Your answer must contain each line of the listing in which "ตอนท" appears, copied in full.

◆ DATA EXTRACT ◆
..........

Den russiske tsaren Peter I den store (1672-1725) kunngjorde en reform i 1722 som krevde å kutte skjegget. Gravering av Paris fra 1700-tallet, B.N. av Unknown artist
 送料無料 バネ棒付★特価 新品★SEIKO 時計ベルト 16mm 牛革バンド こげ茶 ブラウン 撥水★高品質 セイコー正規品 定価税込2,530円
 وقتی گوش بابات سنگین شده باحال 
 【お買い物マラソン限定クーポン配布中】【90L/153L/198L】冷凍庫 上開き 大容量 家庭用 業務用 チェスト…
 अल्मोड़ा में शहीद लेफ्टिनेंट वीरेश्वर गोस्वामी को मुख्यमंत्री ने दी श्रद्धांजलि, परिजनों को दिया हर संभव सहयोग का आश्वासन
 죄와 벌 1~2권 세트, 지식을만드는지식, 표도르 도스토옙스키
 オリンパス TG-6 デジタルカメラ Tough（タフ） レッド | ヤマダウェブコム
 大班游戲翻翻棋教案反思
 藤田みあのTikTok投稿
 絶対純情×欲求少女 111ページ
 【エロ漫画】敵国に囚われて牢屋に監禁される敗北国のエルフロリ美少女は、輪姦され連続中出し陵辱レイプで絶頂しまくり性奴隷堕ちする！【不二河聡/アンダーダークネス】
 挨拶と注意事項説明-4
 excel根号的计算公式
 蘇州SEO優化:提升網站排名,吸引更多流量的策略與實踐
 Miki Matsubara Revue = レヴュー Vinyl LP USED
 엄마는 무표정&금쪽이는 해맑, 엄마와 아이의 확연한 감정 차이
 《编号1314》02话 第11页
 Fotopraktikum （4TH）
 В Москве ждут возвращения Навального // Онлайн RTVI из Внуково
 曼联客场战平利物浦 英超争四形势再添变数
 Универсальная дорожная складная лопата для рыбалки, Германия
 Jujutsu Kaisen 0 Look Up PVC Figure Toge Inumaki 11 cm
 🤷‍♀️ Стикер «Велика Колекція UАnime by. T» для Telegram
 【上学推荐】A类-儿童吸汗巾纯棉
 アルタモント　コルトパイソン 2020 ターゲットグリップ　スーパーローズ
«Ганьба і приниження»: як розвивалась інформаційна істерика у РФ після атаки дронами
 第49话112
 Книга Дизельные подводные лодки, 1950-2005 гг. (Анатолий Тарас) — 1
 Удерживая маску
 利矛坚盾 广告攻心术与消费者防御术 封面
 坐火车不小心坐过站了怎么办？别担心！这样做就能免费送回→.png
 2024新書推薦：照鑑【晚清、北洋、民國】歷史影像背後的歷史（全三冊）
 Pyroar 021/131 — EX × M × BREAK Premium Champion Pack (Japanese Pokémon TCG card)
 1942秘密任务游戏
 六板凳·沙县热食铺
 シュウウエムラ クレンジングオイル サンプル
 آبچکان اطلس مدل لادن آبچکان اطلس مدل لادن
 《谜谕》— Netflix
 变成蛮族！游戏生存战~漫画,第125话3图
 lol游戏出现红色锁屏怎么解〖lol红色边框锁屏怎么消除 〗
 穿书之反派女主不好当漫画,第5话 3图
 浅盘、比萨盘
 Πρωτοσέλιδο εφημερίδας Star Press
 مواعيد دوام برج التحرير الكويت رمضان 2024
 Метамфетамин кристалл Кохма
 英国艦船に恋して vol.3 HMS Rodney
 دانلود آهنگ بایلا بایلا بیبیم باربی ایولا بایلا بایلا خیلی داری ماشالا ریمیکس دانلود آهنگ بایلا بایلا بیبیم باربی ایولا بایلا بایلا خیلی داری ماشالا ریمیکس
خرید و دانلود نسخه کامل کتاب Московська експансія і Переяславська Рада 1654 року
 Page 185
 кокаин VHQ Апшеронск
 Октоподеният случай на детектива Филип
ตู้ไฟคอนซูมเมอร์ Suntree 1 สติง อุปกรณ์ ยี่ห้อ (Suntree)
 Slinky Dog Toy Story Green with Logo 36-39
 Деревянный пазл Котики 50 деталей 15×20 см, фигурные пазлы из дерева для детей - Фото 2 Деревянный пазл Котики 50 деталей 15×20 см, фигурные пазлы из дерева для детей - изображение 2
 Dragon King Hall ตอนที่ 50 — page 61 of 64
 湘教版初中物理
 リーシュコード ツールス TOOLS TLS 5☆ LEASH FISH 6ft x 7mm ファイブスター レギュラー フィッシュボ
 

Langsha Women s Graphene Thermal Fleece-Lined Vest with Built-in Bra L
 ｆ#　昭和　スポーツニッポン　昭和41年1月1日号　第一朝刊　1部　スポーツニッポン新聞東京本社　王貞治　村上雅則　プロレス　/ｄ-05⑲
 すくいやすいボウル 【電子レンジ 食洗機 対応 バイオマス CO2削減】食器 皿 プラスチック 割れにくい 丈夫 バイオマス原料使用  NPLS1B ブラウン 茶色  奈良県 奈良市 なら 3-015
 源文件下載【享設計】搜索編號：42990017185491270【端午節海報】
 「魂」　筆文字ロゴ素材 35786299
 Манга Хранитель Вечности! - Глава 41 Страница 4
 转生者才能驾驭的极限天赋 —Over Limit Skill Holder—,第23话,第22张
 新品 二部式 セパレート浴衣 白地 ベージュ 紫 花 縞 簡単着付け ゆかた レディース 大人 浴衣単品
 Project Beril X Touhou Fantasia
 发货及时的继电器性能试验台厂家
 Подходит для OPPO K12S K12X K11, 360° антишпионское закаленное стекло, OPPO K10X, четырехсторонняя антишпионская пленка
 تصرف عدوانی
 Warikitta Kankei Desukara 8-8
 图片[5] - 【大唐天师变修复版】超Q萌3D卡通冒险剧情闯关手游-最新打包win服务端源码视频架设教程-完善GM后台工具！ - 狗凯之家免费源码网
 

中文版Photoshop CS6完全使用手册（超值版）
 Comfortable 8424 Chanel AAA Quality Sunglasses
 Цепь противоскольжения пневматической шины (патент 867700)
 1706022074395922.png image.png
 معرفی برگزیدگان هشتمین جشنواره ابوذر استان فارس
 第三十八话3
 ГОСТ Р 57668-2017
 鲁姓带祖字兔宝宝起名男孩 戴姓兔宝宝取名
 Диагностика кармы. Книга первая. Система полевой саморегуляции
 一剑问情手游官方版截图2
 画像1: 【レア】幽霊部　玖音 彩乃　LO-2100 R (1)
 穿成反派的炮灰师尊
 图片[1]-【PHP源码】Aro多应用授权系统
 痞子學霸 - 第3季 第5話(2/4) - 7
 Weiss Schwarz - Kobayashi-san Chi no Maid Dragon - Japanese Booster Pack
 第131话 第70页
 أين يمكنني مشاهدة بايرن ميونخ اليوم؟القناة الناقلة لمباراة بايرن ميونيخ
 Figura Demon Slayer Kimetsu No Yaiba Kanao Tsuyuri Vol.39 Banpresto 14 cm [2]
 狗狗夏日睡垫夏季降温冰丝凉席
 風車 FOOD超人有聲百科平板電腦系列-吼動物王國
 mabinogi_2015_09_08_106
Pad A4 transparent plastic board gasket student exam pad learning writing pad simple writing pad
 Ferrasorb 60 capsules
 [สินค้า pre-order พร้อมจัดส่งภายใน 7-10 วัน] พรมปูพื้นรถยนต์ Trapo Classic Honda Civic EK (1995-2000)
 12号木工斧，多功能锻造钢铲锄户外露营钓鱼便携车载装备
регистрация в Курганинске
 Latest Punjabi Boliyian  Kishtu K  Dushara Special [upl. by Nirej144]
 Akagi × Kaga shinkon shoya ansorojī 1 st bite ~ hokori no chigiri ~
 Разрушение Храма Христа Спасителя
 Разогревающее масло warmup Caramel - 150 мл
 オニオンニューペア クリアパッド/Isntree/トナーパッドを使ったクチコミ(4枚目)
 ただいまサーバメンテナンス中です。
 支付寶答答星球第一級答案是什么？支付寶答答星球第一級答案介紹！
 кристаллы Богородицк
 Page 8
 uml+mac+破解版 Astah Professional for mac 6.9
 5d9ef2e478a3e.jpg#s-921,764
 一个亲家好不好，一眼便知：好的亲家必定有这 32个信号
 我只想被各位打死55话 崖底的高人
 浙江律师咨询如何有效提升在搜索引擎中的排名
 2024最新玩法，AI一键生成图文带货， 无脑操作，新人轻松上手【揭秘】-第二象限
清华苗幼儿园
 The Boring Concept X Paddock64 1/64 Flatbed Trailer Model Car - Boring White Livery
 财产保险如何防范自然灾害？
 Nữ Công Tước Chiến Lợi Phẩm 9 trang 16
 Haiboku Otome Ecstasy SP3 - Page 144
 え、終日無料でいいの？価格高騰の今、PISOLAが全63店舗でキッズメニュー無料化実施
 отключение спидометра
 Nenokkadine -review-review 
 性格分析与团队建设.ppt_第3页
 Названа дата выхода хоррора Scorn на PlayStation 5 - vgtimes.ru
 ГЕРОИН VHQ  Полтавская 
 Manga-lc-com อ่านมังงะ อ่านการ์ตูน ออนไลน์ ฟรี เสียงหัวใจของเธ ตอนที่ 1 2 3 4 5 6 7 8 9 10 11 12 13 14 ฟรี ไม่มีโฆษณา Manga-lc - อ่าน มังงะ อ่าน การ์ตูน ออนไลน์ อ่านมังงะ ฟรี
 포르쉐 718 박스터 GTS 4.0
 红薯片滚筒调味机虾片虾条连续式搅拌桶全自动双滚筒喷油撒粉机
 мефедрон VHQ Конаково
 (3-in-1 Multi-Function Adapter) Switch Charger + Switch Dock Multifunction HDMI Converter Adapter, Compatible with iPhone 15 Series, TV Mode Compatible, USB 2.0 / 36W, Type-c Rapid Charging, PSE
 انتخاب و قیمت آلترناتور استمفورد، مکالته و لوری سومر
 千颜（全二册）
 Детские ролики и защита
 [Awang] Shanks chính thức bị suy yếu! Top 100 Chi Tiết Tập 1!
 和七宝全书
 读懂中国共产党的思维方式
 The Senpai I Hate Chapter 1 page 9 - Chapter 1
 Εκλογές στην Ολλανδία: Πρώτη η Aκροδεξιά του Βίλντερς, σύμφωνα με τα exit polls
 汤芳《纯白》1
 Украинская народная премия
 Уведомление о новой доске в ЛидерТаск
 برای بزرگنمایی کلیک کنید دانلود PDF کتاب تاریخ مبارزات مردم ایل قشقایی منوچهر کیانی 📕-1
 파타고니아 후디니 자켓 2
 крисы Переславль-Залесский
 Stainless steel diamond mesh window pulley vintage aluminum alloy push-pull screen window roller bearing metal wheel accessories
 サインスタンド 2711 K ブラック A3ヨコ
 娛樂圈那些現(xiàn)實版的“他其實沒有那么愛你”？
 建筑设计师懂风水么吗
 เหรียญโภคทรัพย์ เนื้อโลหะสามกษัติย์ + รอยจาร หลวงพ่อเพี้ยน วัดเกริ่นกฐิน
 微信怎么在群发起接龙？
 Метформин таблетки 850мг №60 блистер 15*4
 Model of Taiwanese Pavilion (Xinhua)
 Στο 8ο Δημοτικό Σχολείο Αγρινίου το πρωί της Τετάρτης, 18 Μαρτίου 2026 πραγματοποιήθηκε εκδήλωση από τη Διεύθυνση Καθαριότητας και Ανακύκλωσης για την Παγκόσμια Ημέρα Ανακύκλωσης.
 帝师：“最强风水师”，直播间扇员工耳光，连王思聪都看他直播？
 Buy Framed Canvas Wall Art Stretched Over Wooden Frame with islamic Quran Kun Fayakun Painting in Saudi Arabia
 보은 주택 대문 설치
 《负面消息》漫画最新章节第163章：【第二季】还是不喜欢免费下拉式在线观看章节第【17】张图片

..........

◆ THE ANSWER ◆
 Dragon King Hall ตอนที่ 50 — page 61 of 64
 Manga-lc-com อ่านมังงะ อ่านการ์ตูน ออนไลน์ ฟรี เสียงหัวใจของเธ ตอนที่ 1 2 3 4 5 6 7 8 9 10 11 12 13 14 ฟรี ไม่มีโฆษณา Manga-lc - อ่าน มังงะ อ่าน การ์ตูน ออนไลน์ อ่านมังงะ ฟรี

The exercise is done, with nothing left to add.